Following a string of crimes involving victims killed after responding to Craigslist ads, a growing number of police departments are creating “safe zones” nationwide to help online sellers and buyers complete their transactions in a secure environment.
In Woodstock, Georgia, potential users of Craigslist and other online classified services are being asked to take their business deals to the local police precinct lobby.
“Typically a bad guy doesn't want to transact bad business in a police department," Woodstock Police Chief Calvin Moss told TODAY.
People must first call ahead to make sure an officer will be available, but Moss said he doesn't expect the service to require additional manpower from his department.
“The Transaction Safe Place initiative really is about moving those transactions away from that secluded area where they often occur and bringing it here to a very public place,” he said.
Last week, James Jones Jr., a 21-year-old college student in Georgia, was robbed and killed after responding to an ad for an iPhone 6. And last month, a Georgia couple was found shot to death after they drove to a secluded area to buy a vintage car listed on Craigslist.
Creating safe zones to finalize online sales has become a growing trend in policing.
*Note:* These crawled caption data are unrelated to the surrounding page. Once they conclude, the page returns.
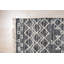 Tapis noir en laine à motif géométrique fait à la main Kilim-244802970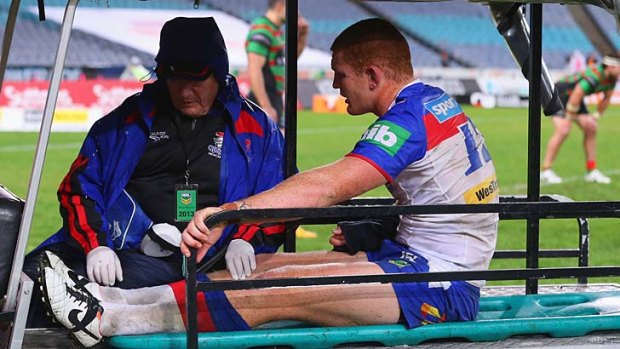Alex McKinnon of the Knights is taken from the field on a medicab after injuring his leg in a tackle.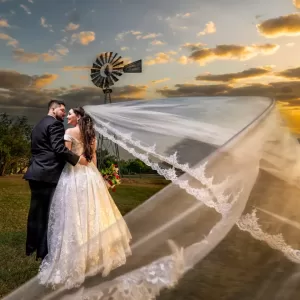 Professional Photographer A bride and groom stand outdoors at sunset near a windmill. The bride’s long veil flows dramatically in the wind as they gaze at each other lovingly, creating a portrait-worthy moment against the colorful sky and clouds. www.maranonimagery.com
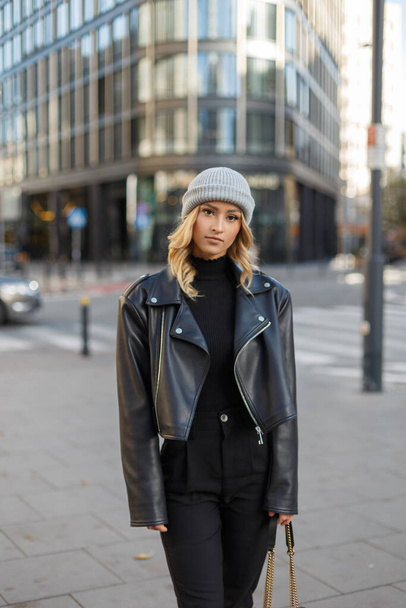 Fashion mooie urban stijlvolle meisje model met een gebreide hoed in een zwarte gebreide trui en lederen jas wandelingen in de stad - Foto, afbeelding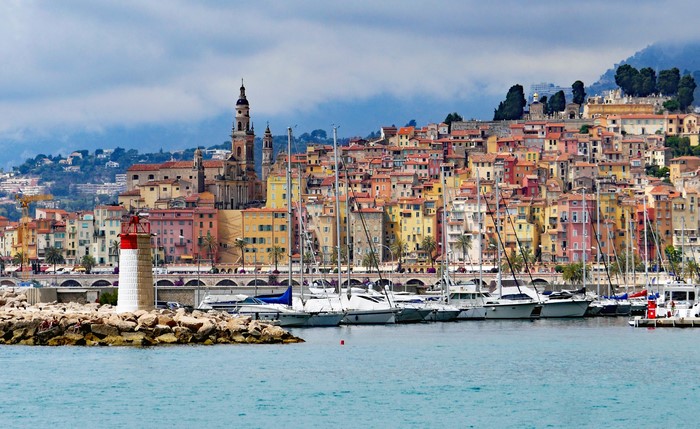 Menton, France harbor with lighthouse and sailboats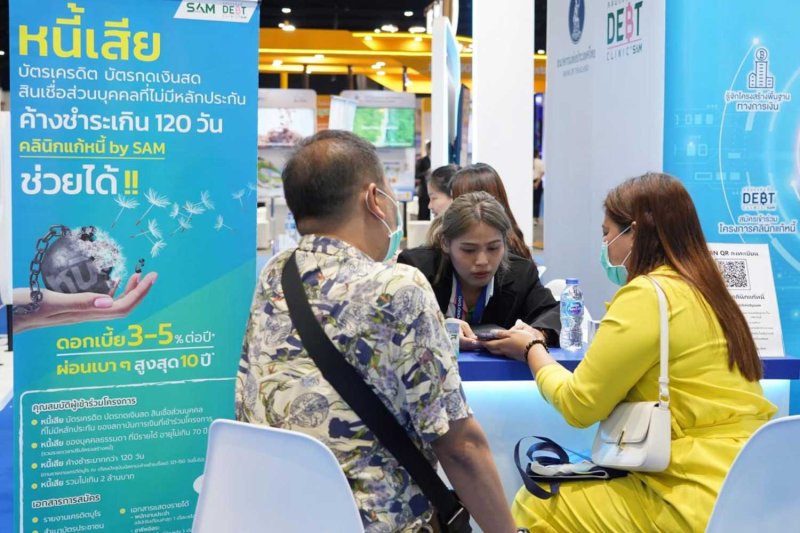 Consumers seek debt solutions at the central bank's Debt Clinic during a recent Money Expo in Bangkok. Thailand's banking sector NPL ratio stands at nearly 4% and is expected to remain elevated at 3-4% over the next two to three years.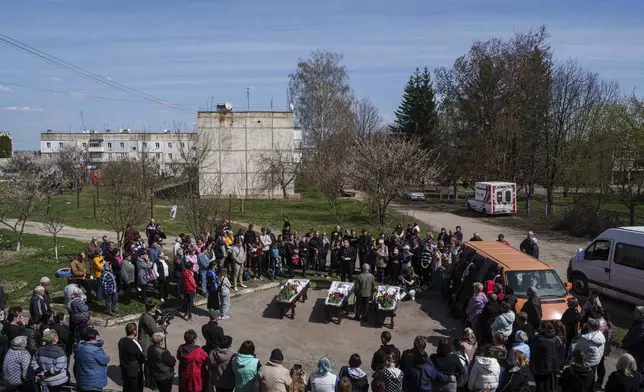 People came to say goodbye to a family of Maksym Martynenko, 11, Natalia Martynenko, 49, Mykola Martynenko, 41, which were killed in a deadly Palm Sunday Russian attack on Sumy on April 13, during farewell ceremony in Stare Selo village near Sumy, Ukraine, April 16, 2025. (AP Photo/Evgeniy Maloletka)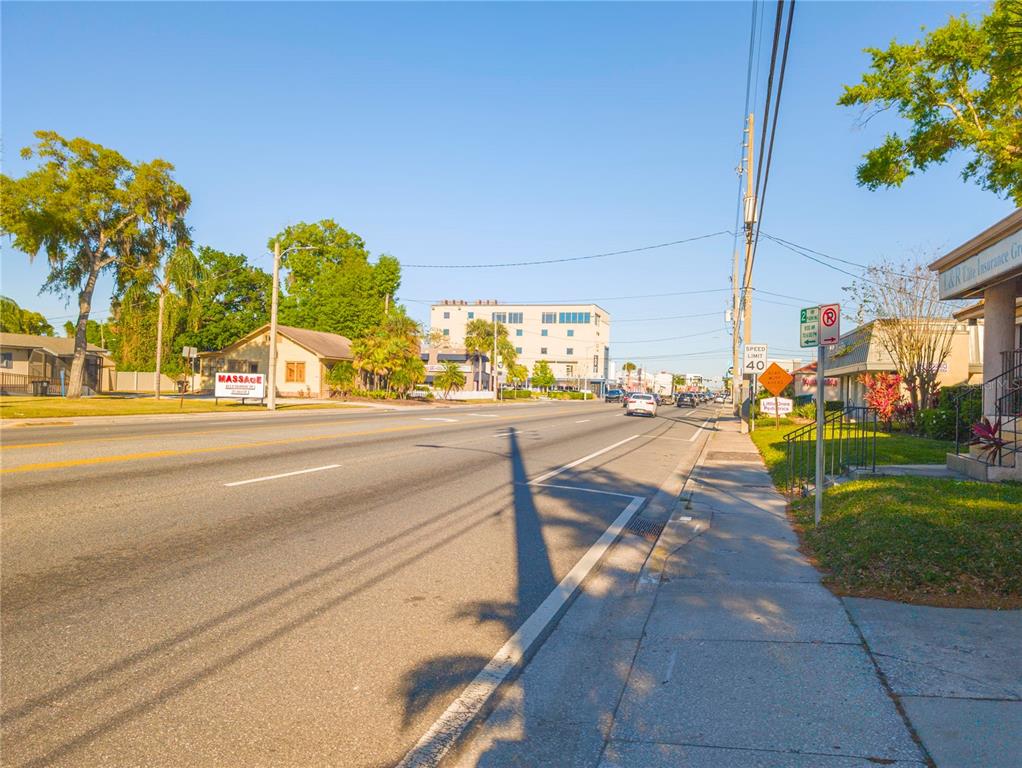 A street view showing a road, sidewalk, utility poles, and nearby commercial buildings under a clear sky — 802 E COLONIAL DRIVE, ORLANDO, FL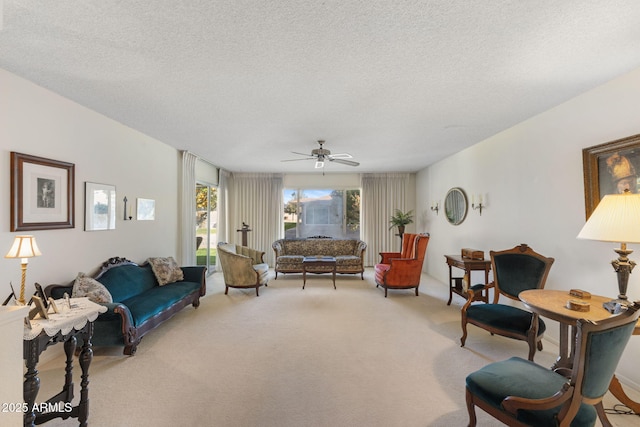 living room with ceiling fan, carpet flooring, and a textured ceiling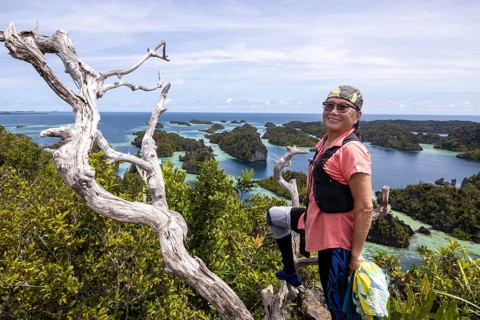 A person stands triumphantly on a cliff, enjoying breathtaking views of a lush Raja Ampat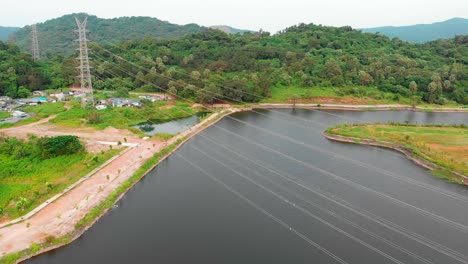 Cámara-De-Vista-De-Pájaro-Con-Disparo-De-Dron-En-órbita-Torre-De-Transmisión-Enrollada-Línea-Eléctrica-Junto-Al-Lago-Sobre-La-Montaña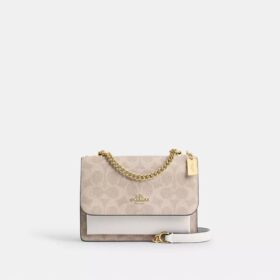 Bolso mini Klare de bandolera en Signature Canvas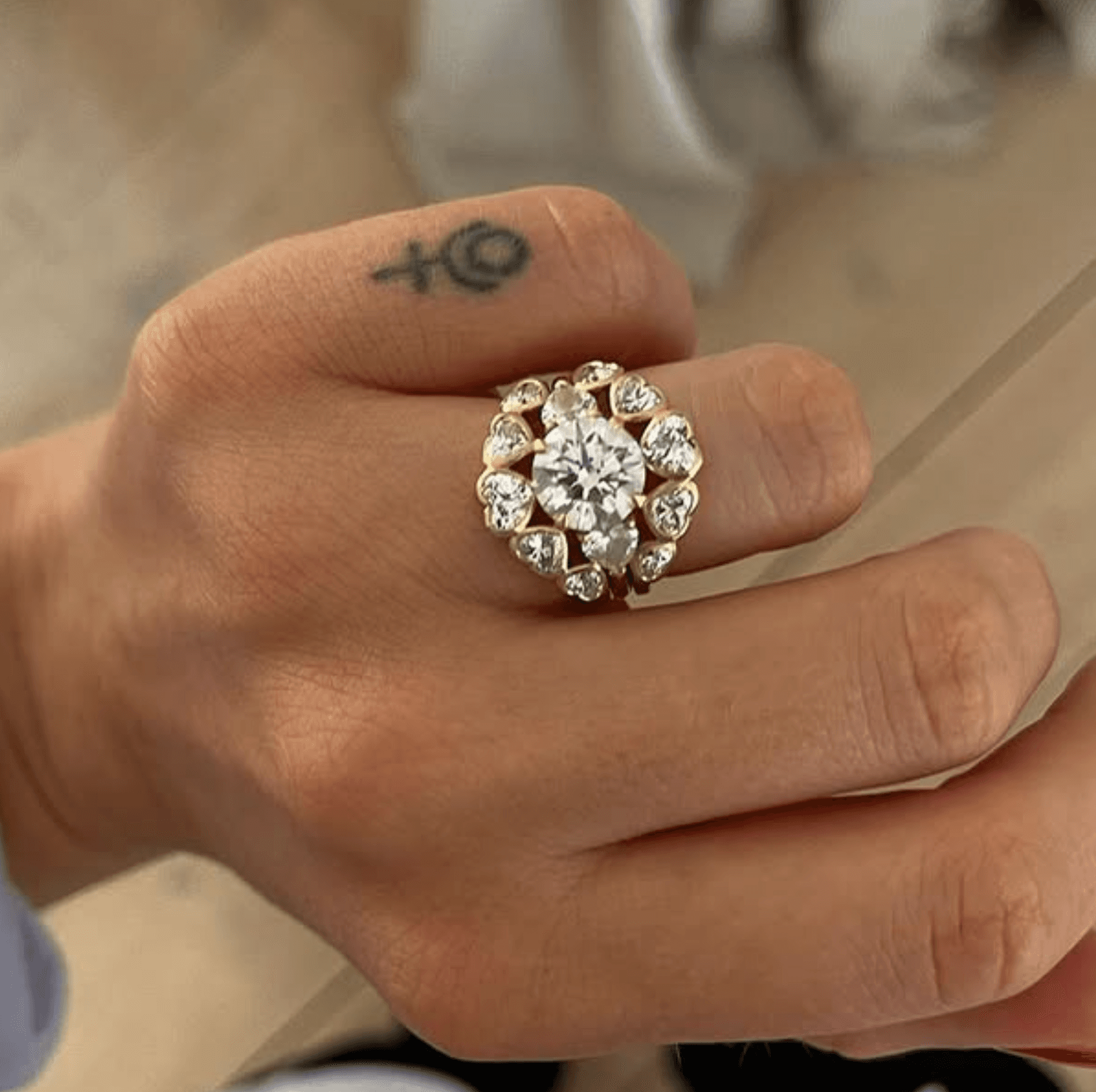 Statement diamond halo cluster ring worn on a hand - a large round brilliant centre stone surrounded by ten pear-cut diamonds in 18ct gold, photographed in the studio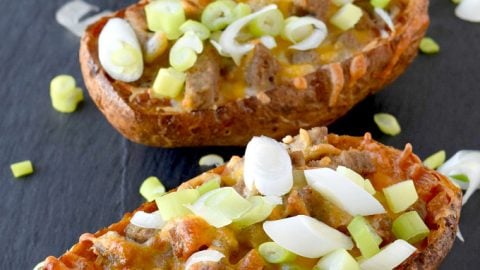 Breakfast Potato Skins have eggs nestled into baked potatoes skins topped with sausage and cheese.  They are easy to make ahead and a delicious twist on the classic appetizer! #BrunchWeek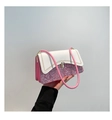 Detail van roze glittertextuur en witte leren flap met gouden sluiting op de tas - Roze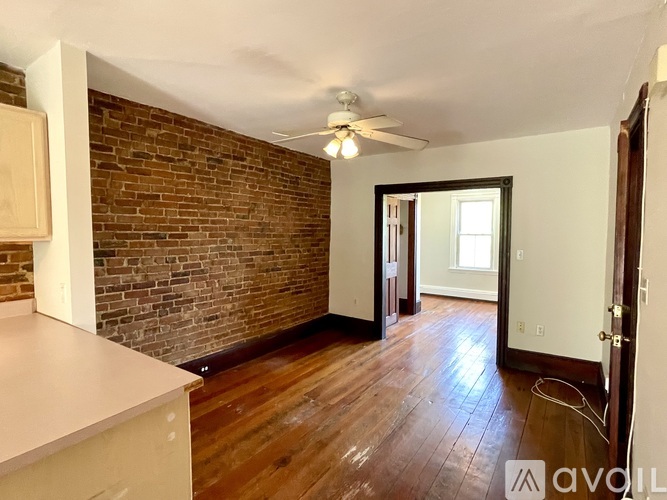 A room with a brick wall and wooden flooring.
The Broward County Sheriff’s Office in south Florida launched its “safe spot” program last summer.
“No matter what your profit is or no matter what that product is that you may want to have, it's not worth getting hurt,” said Broward Sheriff Scott Israel.
Craigslist did not respond to a request for comment but on its website’s safety page, the company encouraged site users to convene their transactions at “a public meeting place,” as well as “tell a friend or family member” where they plan to meet.